Blob Blame History Raw
From 37d60b626fcb3e3f68b02c2c24e4ae5149cf223f Mon Sep 17 00:00:00 2001
From: Marek Blaha <mblaha@redhat.com>
Date: Thu, 23 Jul 2020 16:27:22 +0200
Subject: [PATCH] [reposync] Add latest NEVRAs per stream to download (RhBug:
 1833074)

This covers situation when package with the newest NEVRA is part of
an older version of a stream and reposync was used with --newest-only
switch.
With this patch these package versions are going to be downloaded:
- the latest NEVRAs from non-modular packages
- all packages from stream version with the latest package NEVRA (in
  case the latest NEVRA is part of multiple stream versions only the
  highest is downloaded)
- all packages from the latest stream version

https://bugzilla.redhat.com/show_bug.cgi?id=1833074
---
 plugins/reposync.py | 53 ++++++++++++++++++++++++++++++++++++---------
 1 file changed, 43 insertions(+), 10 deletions(-)

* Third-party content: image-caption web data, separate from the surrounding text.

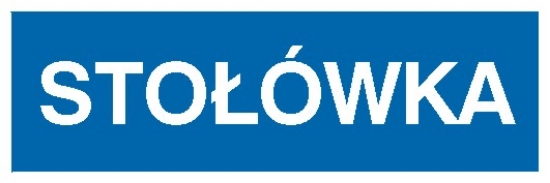Stołówka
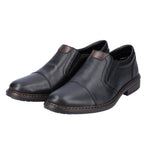 Pantofi barbati Rieker 17659-00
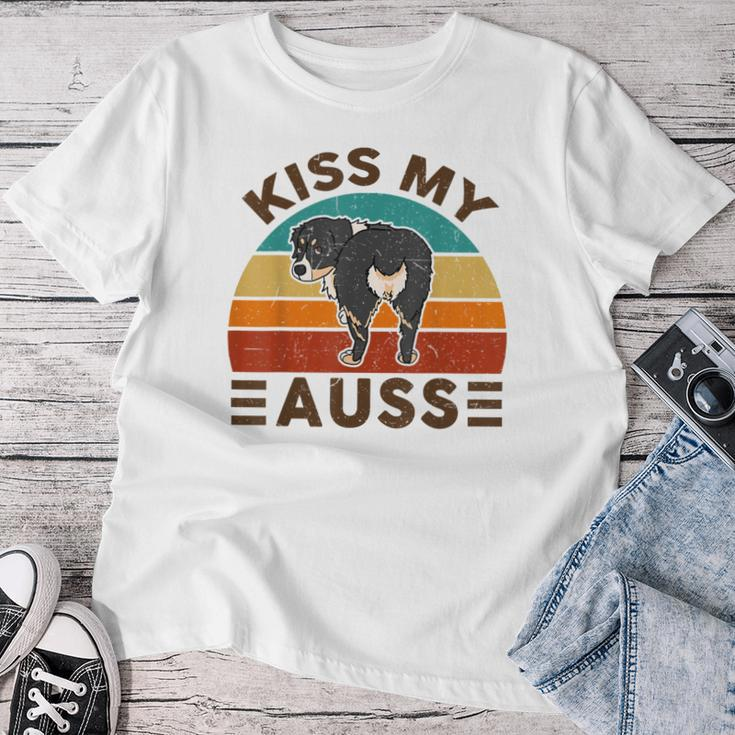 Kiss Gifts, Mom Dad Shirts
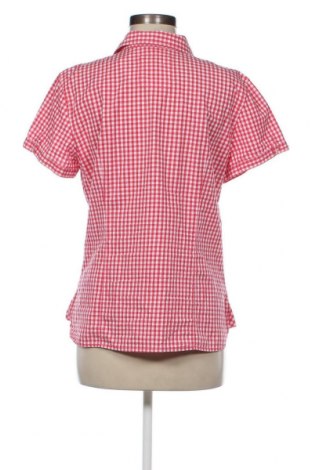 Dámská košile  S.Oliver, Velikost M, Barva Vícebarevné, Cena  153,00 Kč
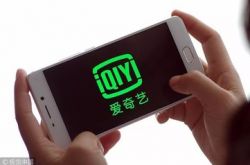 (7分钟科普下)沈阳公司咨询服务电话_哔哩哔哩-3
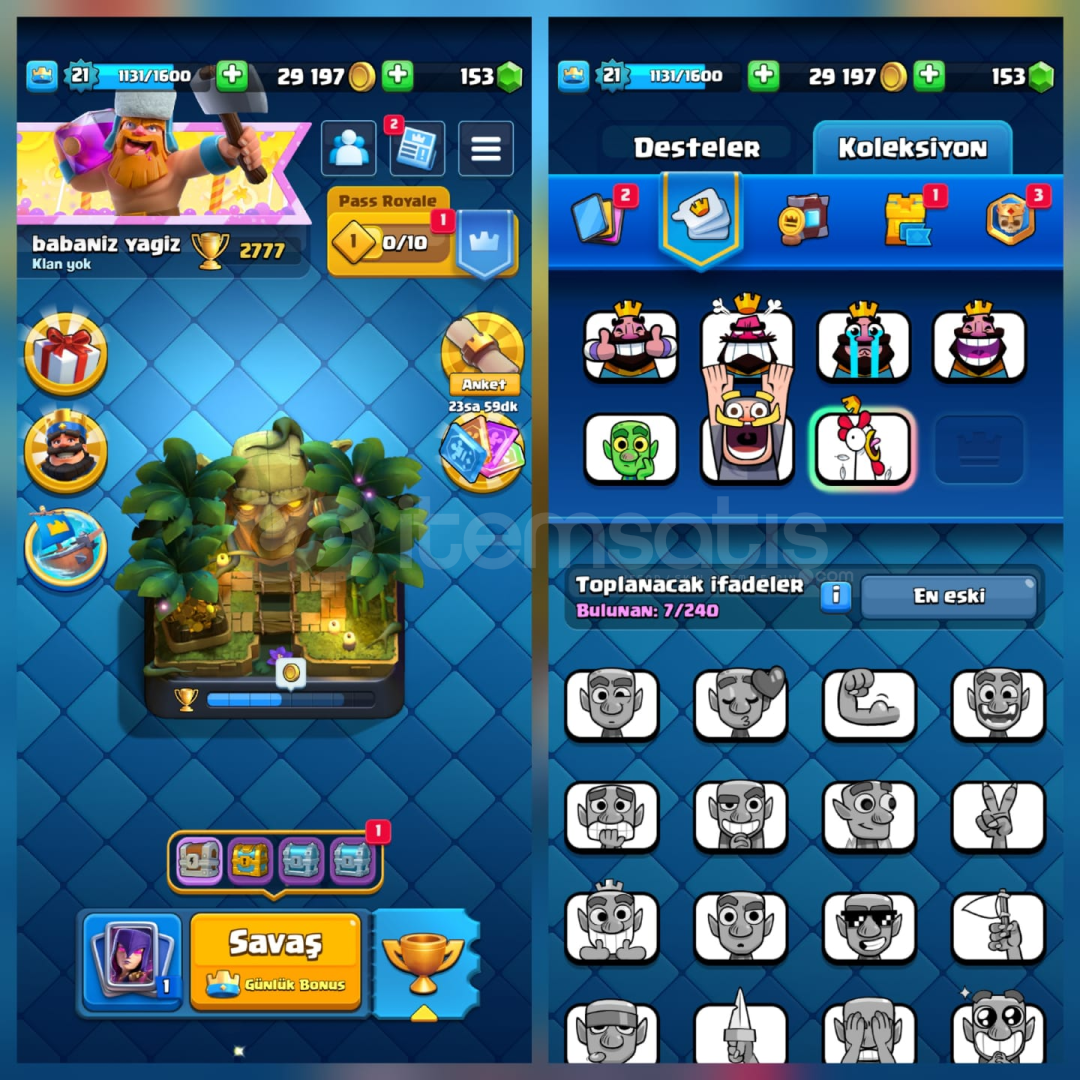 2777Kupa 57Kart 7İfade İsimHakkı 2777Kupa 57Kart 7İfade İsimHakkı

diff --git a/plugins/reposync.py b/plugins/reposync.py
index 548a05b4..7556e7eb 100644
--- a/plugins/reposync.py
+++ b/plugins/reposync.py
@@ -207,27 +207,60 @@ def download_metadata(self, repo):
 
     def _get_latest(self, query):
         """
-        return query with latest nonmodular package and all packages from latest version per stream
+        return union of these queries:
+        - the latest NEVRAs from non-modular packages
+        - all packages from stream version with the latest package NEVRA
+          (this should not be needed but the latest package NEVRAs might be
+          part of an older module version)
+        - all packages from the latest stream version
         """
         if not dnf.base.WITH_MODULES:
             return query.latest()
+
         query.apply()
         module_packages = self.base._moduleContainer.getModulePackages()
         all_artifacts = set()
         module_dict = {}  # {NameStream: {Version: [modules]}}
+        artifact_version = {} # {artifact: {NameStream: [Version]}}
         for module_package in module_packages:
-            all_artifacts.update(module_package.getArtifacts())
+            artifacts = module_package.getArtifacts()
+            all_artifacts.update(artifacts)
             module_dict.setdefault(module_package.getNameStream(), {}).setdefault(
                 module_package.getVersionNum(), []).append(module_package)
-        non_modular_latest = query.filter(
+            for artifact in artifacts:
+                artifact_version.setdefault(artifact, {}).setdefault(
+                    module_package.getNameStream(), []).append(module_package.getVersionNum())
+
+        # the latest NEVRAs from non-modular packages
+        latest_query = query.filter(
             pkg__neq=query.filter(nevra_strict=all_artifacts)).latest()
-        latest_artifacts = set()
-        for version_dict in module_dict.values():
-            keys = sorted(version_dict.keys(), reverse=True)
-            for module in version_dict[keys[0]]:
-                latest_artifacts.update(module.getArtifacts())
-        latest_modular_query = query.filter(nevra_strict=latest_artifacts)
-        return latest_modular_query.union(non_modular_latest)
+
+        # artifacts from the newest version and those versions that contain an artifact
+        # with the highest NEVRA
+        latest_stream_artifacts = set()
+        for namestream, version_dict in module_dict.items():
+            # versions that will be synchronized
+            versions = set()
+            # add the newest stream version
+            versions.add(sorted(version_dict.keys(), reverse=True)[0])
+            # collect all artifacts in all stream versions
+            stream_artifacts = set()
+            for modules in version_dict.values():
+                for module in modules:
+                    stream_artifacts.update(module.getArtifacts())
+            # find versions to which the packages with the highest NEVRAs belong
+            for latest_pkg in query.filter(nevra_strict=stream_artifacts).latest():
+                # here we depend on modules.yaml allways containing full NEVRA (including epoch)
+                nevra = "{0.name}-{0.epoch}:{0.version}-{0.release}.{0.arch}".format(latest_pkg)
+                # download only highest version containing the latest artifact
+                versions.add(max(artifact_version[nevra][namestream]))
+            # add all artifacts from selected versions for synchronization
+            for version in versions:
+                for module in version_dict[version]:
+                    latest_stream_artifacts.update(module.getArtifacts())
+        latest_query = latest_query.union(query.filter(nevra_strict=latest_stream_artifacts))
+
+        return latest_query
 
     def get_pkglist(self, repo):
         query = self.base.sack.query(flags=hawkey.IGNORE_MODULAR_EXCLUDES).available().filterm(